No one takes on the existential, impossible-to-answer questions of making art quite as honestly and consistently as Rochelle Feinstein. A longtime professor at Yale who’s seen her painting career soar, then dip off the market radar, she knows whereof she speaks. Hopefully, she’ll get a leg up with this fine—if off-the-beaten-path— Williamsburg show. It’s full of deceptively slapdash paintings (plus a couple of installation pieces) that are so juicily cynical, they’re redemptive.
What’s more, Feinstein amps up her usual self-referential fare into a tougher arena: the vicissitudes of making art in wartime America. Take the darkly political triptych The Little Engine, for instance. In one panel, Feinstein appropriates an image of a bullet-ridden windshield from the Iraq War, rendering it in pretty sky blues and white; in a second, we get a sort-of-gorgeous abstraction composed solely of gold and silver leaf (precious metals are all the better for sales), while a third panel transcribes a quote by South African artist Zwelelu Mthethwa, a statement full of cogent references to social and global issues and how essential they are to 21st-century artists. You sense that Feinstein agrees with Mthethwa, but she also transcribes his name and words with a host of silly misspellings. In an imperfect world, artists make the best of what they’ve got. If you’ve got a sense of humor, better use that, too.

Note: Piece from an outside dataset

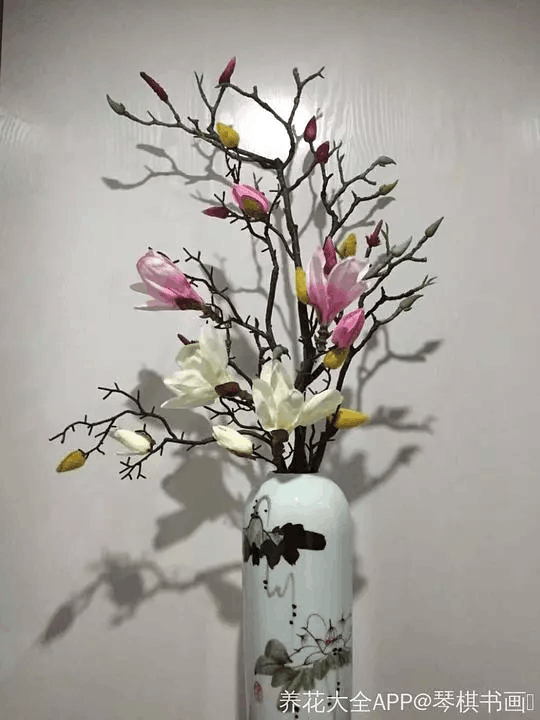 人人嫌弃的破瓶烂罐, 在她手里一捣鼓, 变成艺术品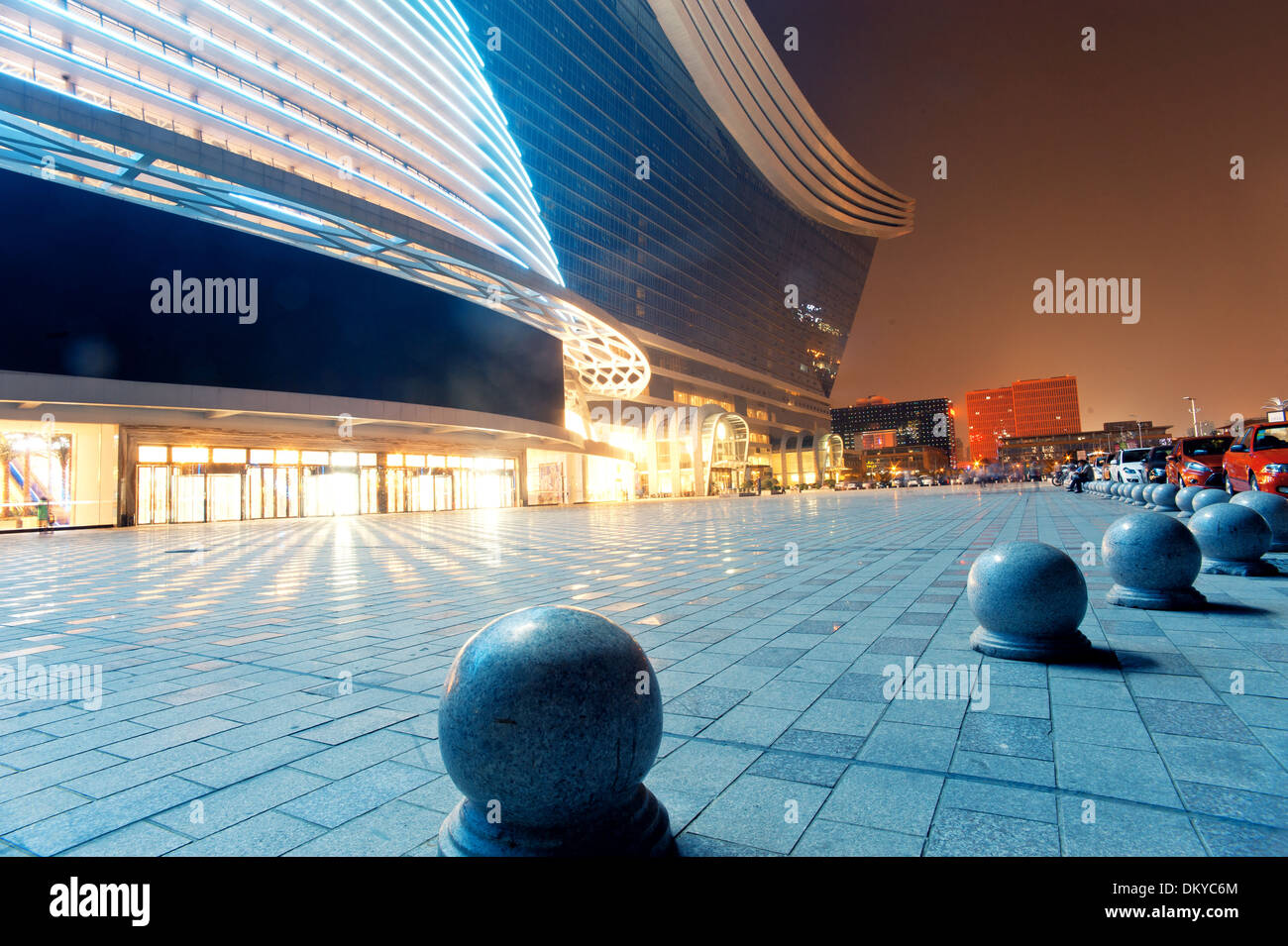 Centro globale a Chengdu, Cina notte Foto Stock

A strange visual theme is peppered throughout other work: a mirrored disco ball. Feinstein paints it onto the screens of a cluster of junky vintage TVs, all of them cacophonously playing real-time programs: election returns, game shows. Are real-world events just fodder for artistic narcissism, as implied by those mirror balls? Or maybe, on a more practical note, to any woman artist over 40, today’s competitive, youth-besotted art market (thanks, Yale) must look like one long, ridiculous dance marathon—last one left standing, wins.